Rui Pinto, o hacker português detido esta quarta-feira na Hungria, estava a colaborar com a justiça francesa para investigar indícios de fraude fiscal revelados em dezembro de 2016 pelo Football Leaks, do qual o pirata informático era parte integrante. "Existe uma cooperação ativa entre Rui Pinto e o Parquet National Financier [PNF, departamento do Ministério Público francês especializado em crimes financeiros]", confessou um dos advogados de Rui Pinto, William Bourdon, em entrevista à agência noticiosa France Press (AFP), citada pelo Expresso.
O PNF terá aberto um inquérito-crime em França sobre uma alegada fraude fiscal qualificada no qual estão envolvidas figuras como o ex-presidente francês Nicolas Sarkozy, clubes como o Paris Saint-Germain e o Manchester City e o organismo máximo do futebol na Europa, a UEFA. Estas notícias foram primeiro reveladas através do consórcio EIC (European Investigative Collaborations), com base em documentos confidenciais publicados pelo site Football Leaks.
A mesma colaboração entre o hacker português Rui Pinto e procuradores franceses foi confirmada ao Expresso - e ao EIC do qual o jornal faz parte – e a operação estaria ainda em curso. Ao semanário, o Ministério Público francês não quis comentar o caso.

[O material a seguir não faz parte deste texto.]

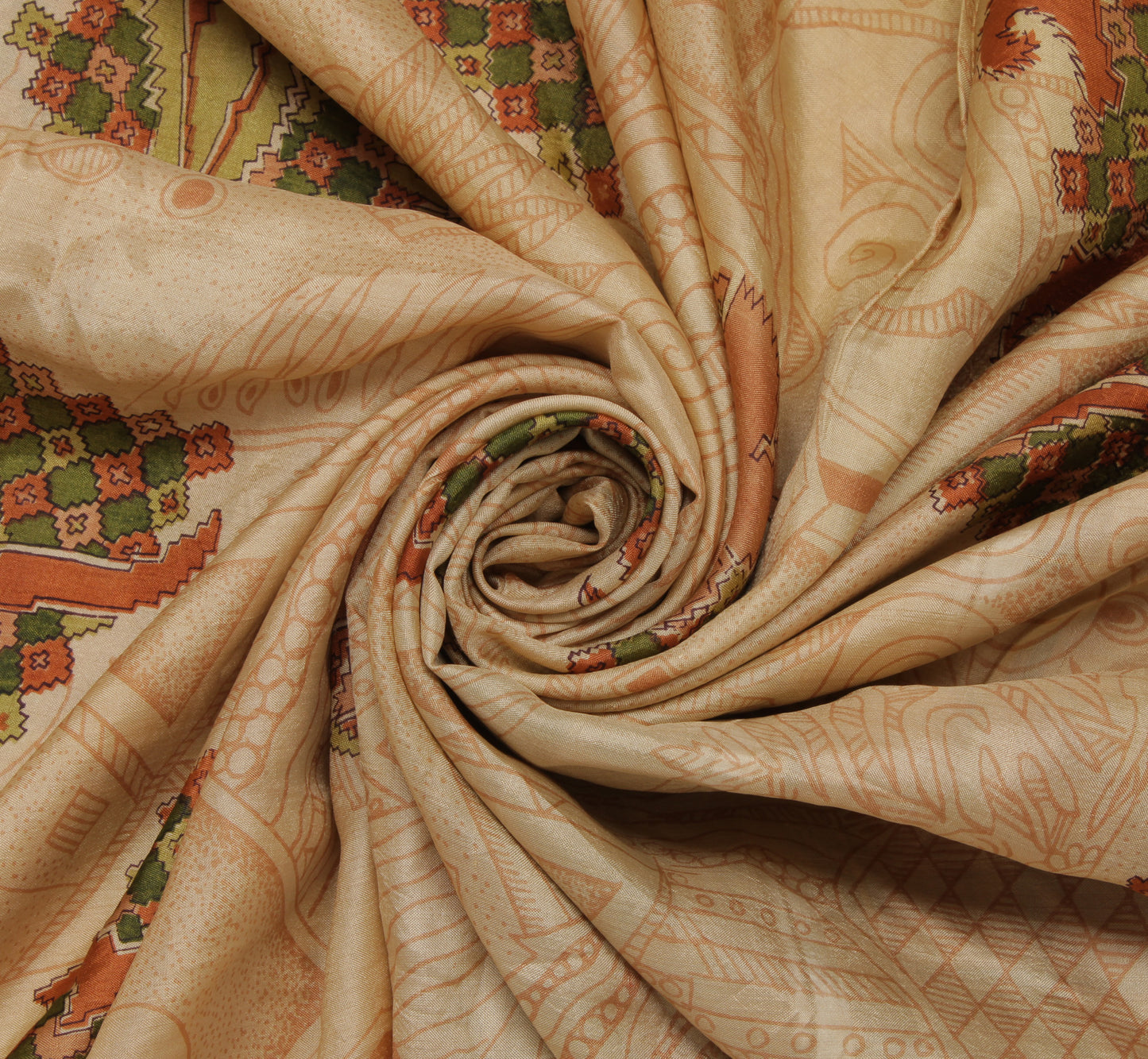 Sushila Vintage Cream Indian Saree 100% Pure Silk Printed Soft Sari Craft Fabric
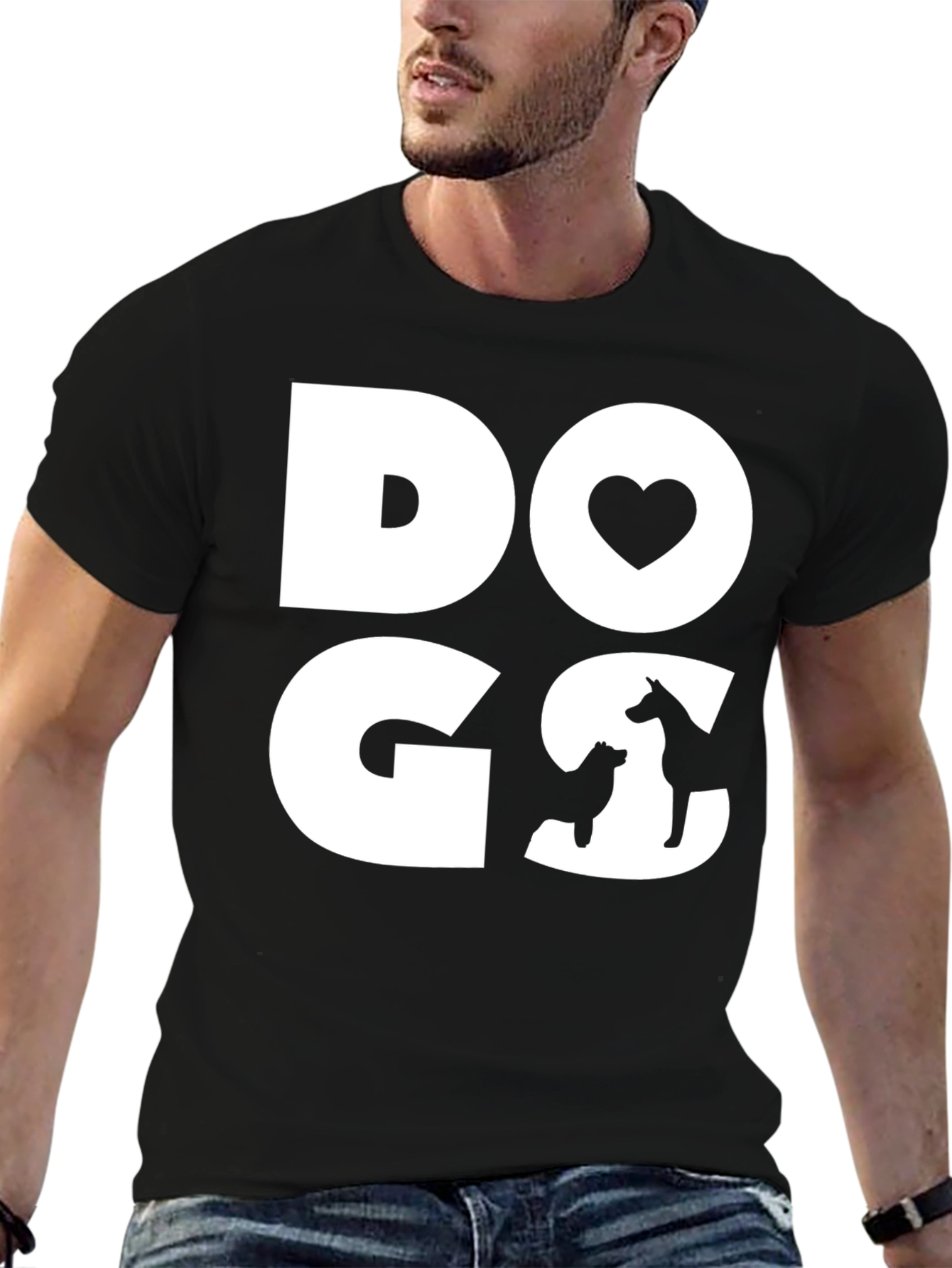 DOGS Love Graphic Tee - Black Cotton Casual T-Shirt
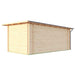 A plain side view of the GardenHouse24 USA Starla 44E ALU ISO Garden Room shows smooth, unfinished wooden walls with a flat overhanging roof and a gutter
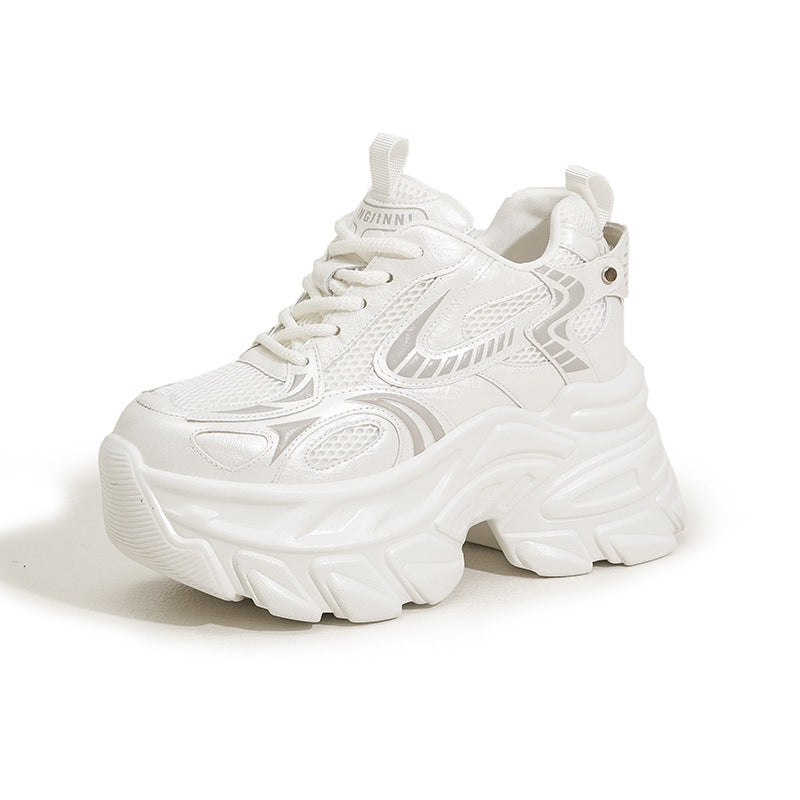 Women's Fashion Muffin Mesh Surface Platform Height Increasing Women's Sports Shoes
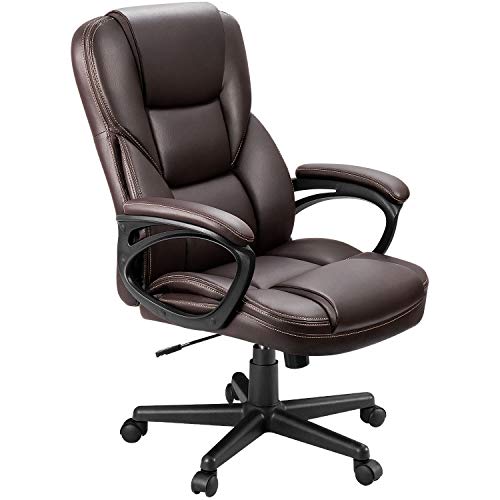 Furmax Office Executive Chair High Back Adjustable Managerial Home Desk Chair, Swivel Computer PU Leather Chair with Lumbar Support (Brown) Furmax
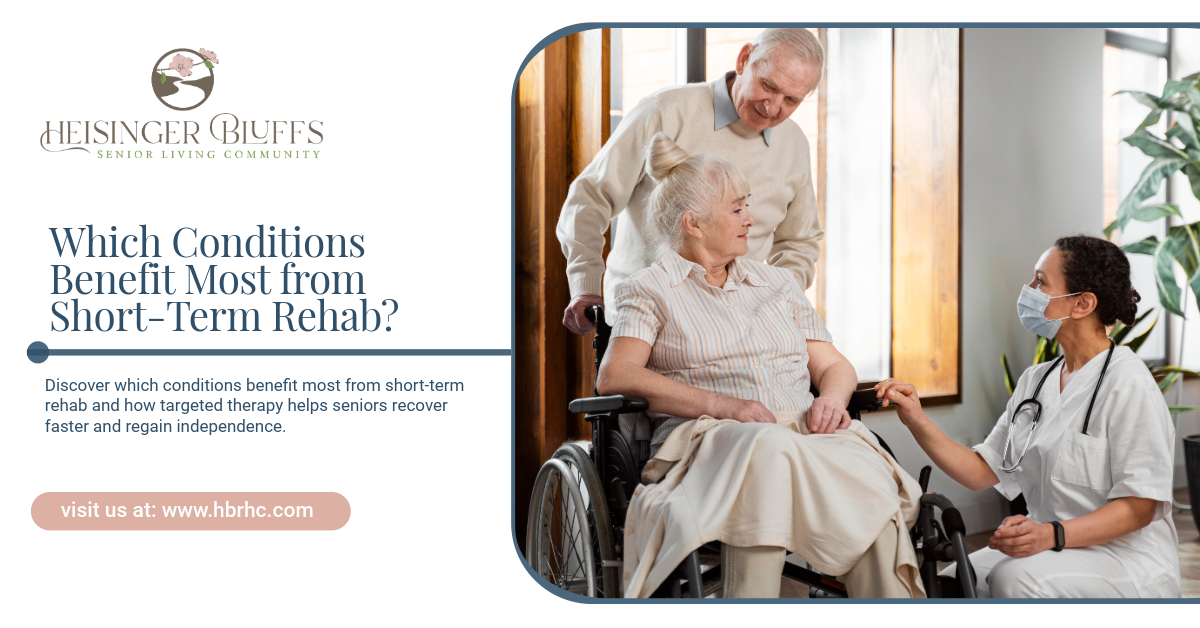 An elderly woman in a wheelchair with a man assisting and a nurse.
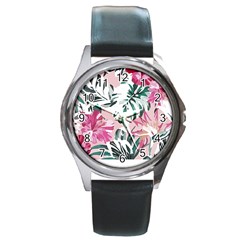 Hawaii T- Shirt Hawaii Ice Flowers Garden T- Shirt Round Metal Watch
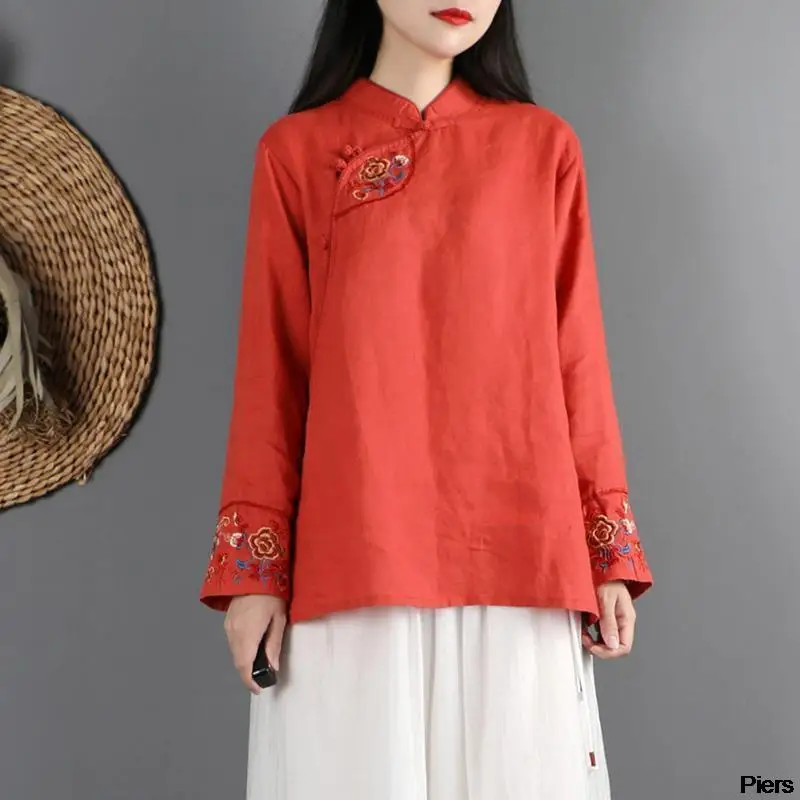 Женский костюм Тан 2021 года в стиле ретро улучшенная рубашка-Ципао китайском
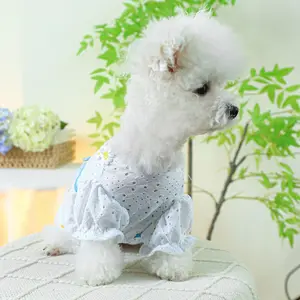 Vestido de princesa lazer com laço para animais de estimação, vestido de lazer com laço de cachorro e margarida primavera fresca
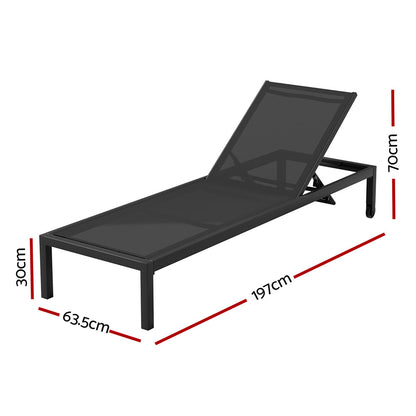 Gardeon Sun Lounge Outdoor Lounger Aluminium Folding Beach Chair Wheels Black-Furniture &gt; Outdoor-PEROZ Accessories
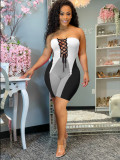 Fashion Splice Tube Top Tie Up Rompers HM-6888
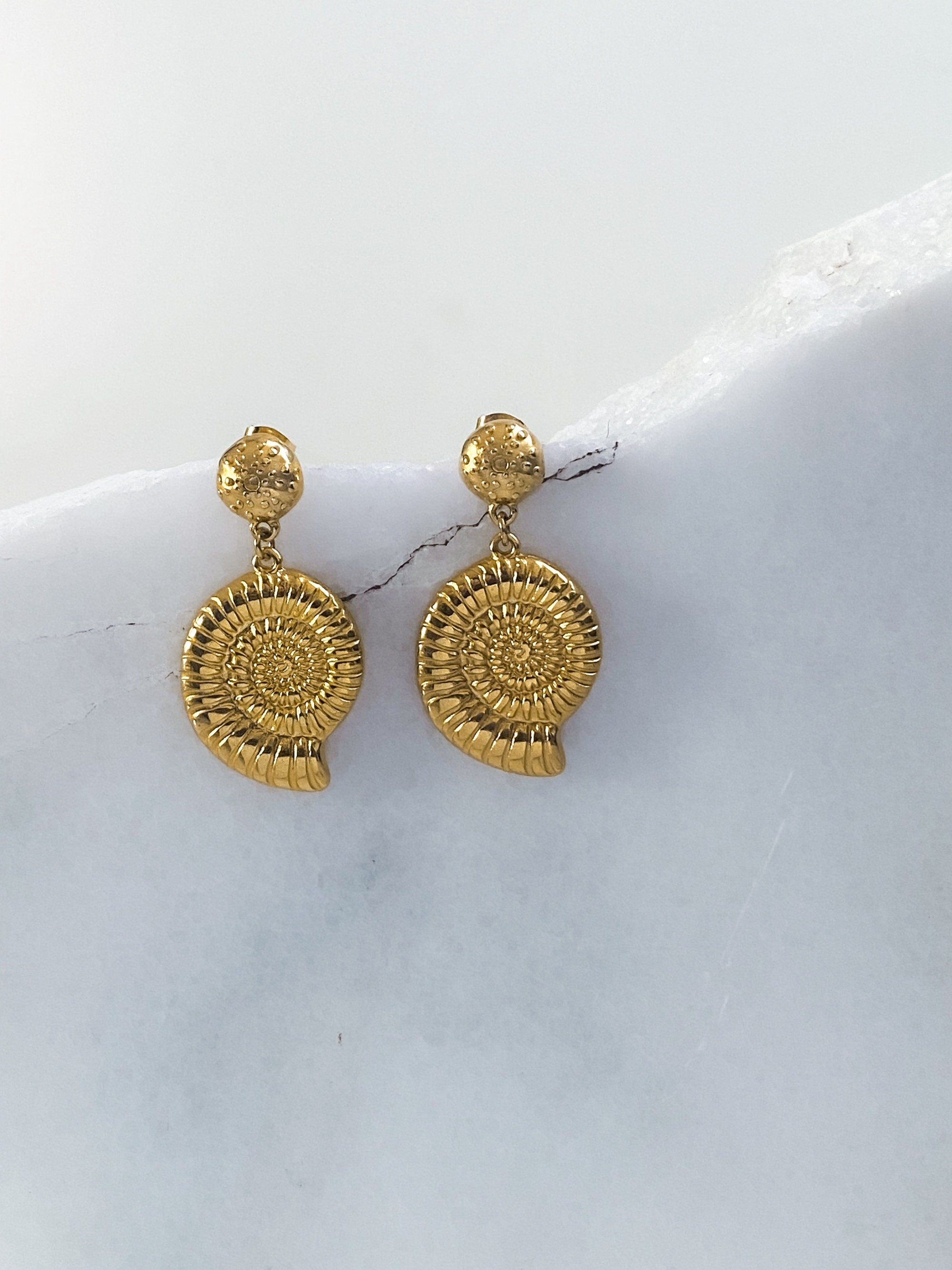 Gold Sea Shell Earrings, Mermaidcore Jewelry, Sea Urchin Summer Earrings, Mermaids Jewelry, Birthday Gift, Gift for Her, KAILANI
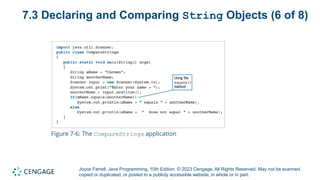 Joyce Farrell, Java Programming, 10th Edition. © 2023 Cengage. All Rights Reserved. May not be scanned,
copied or duplicated, or posted to a publicly accessible website, in whole or in part.
7.3 Declaring and Comparing String Objects (6 of 8)
Figure 7-6: The CompareStrings application
 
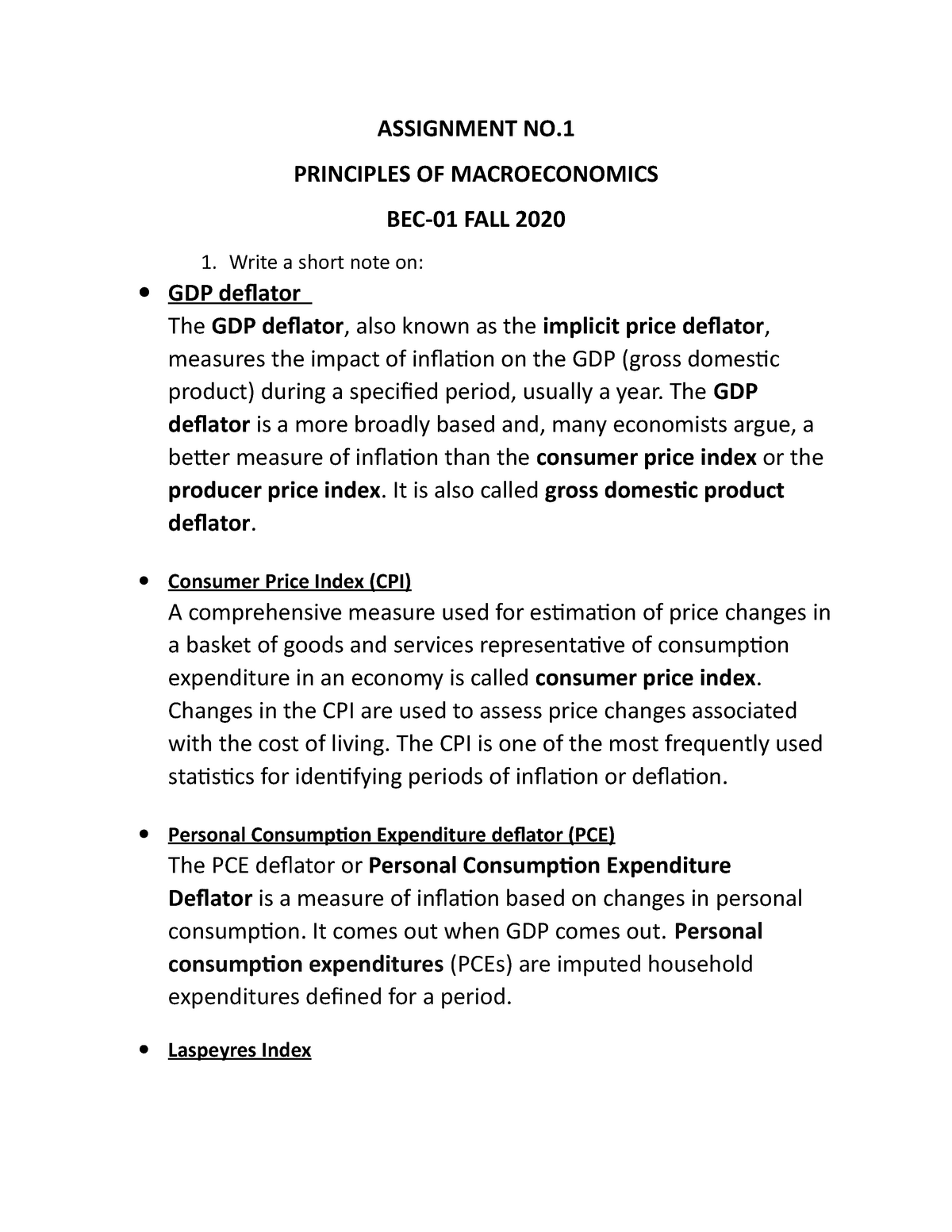 macroeconomics assignment topics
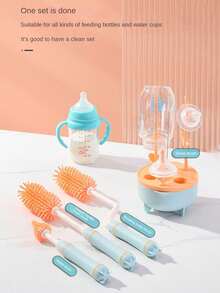 Szczotka do butelek z nylonu, szczotka do smoczków, wielofunkcyjna szczotka do czyszczenia kubków z długim uchwytem i obrotem o 360 stopni do czyszczenia butelek, kubków, termosów (losowy kolor)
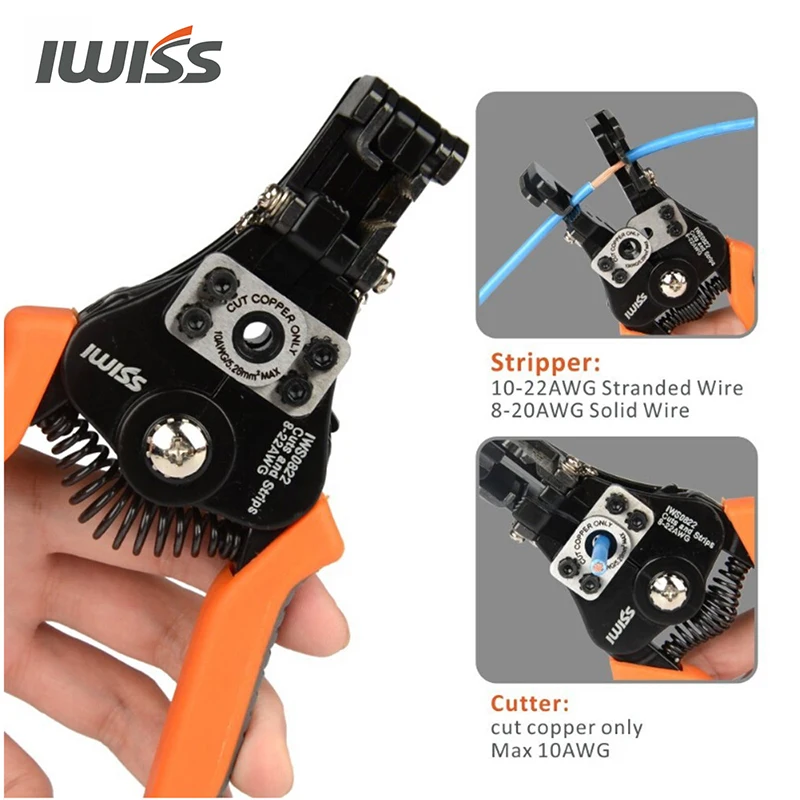 IWISS IWS-0822 çok fonksiyonlu otomatik kablo tel soyucu 0.35-8.2mm ² sıyırma sıkma pense sıkma pense kablo kesici aracı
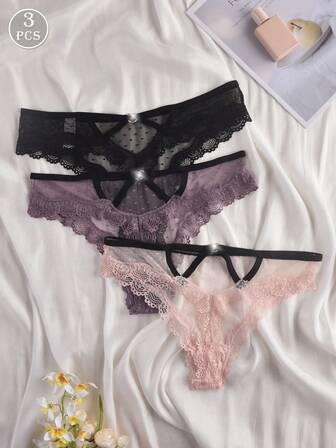 3 pezzi/set Perizoma sexy in pizzo multicolore con cuori traforati per donna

Na investigação estariam envolvidos jogadores como Angel Di Maria, antigo jogador do Benfica e que foi entretanto ilibado de ter fugido aos impostos quando representava o Real Madrid, Javier Pastore, colega de equipa do argentino no PSG, e Lucho Gonzalez, que recebeu dinheiro do seu patrocinador, a Adidas, através de um offshore no Panamá quando jogava pelo Olympique de Marselha.
Ao EIC, o advogado de Rui Pinto adiantou que o hacker aceitou também um pedido de colaboração enviado por um procurador suíço, Damian K. Graf, escolhido, em novembro de 2018, para investigar entre o atual presidente da FIFA, Gianni Infantino, e um outro magistrado helvético, Rinaldo Arnold.
Nesse mesmo mês, o Football Leaks havia divulgado a "amizade suspeita" entre os dois, com "convites" ao procurador para assistir à final da Liga dos Campeões e informações fornecidas ao líder da FIFA acerca de detalhes da investigação dos Panama Papers sobre a UEFA.
"Encontrei-me com o meu cliente na última terça-feira e ele mandatou-me para aceitar o pedido de colaboração que lhe foi enviado pelo procurador especial suíço responsável pela investigação judicial sobre a relação entre o procurador suíço [Rinaldo Arnold] e o presidente da FIFA Gianni Infantino", esclareceu Bourdon ao EIC, citado pelo Expresso.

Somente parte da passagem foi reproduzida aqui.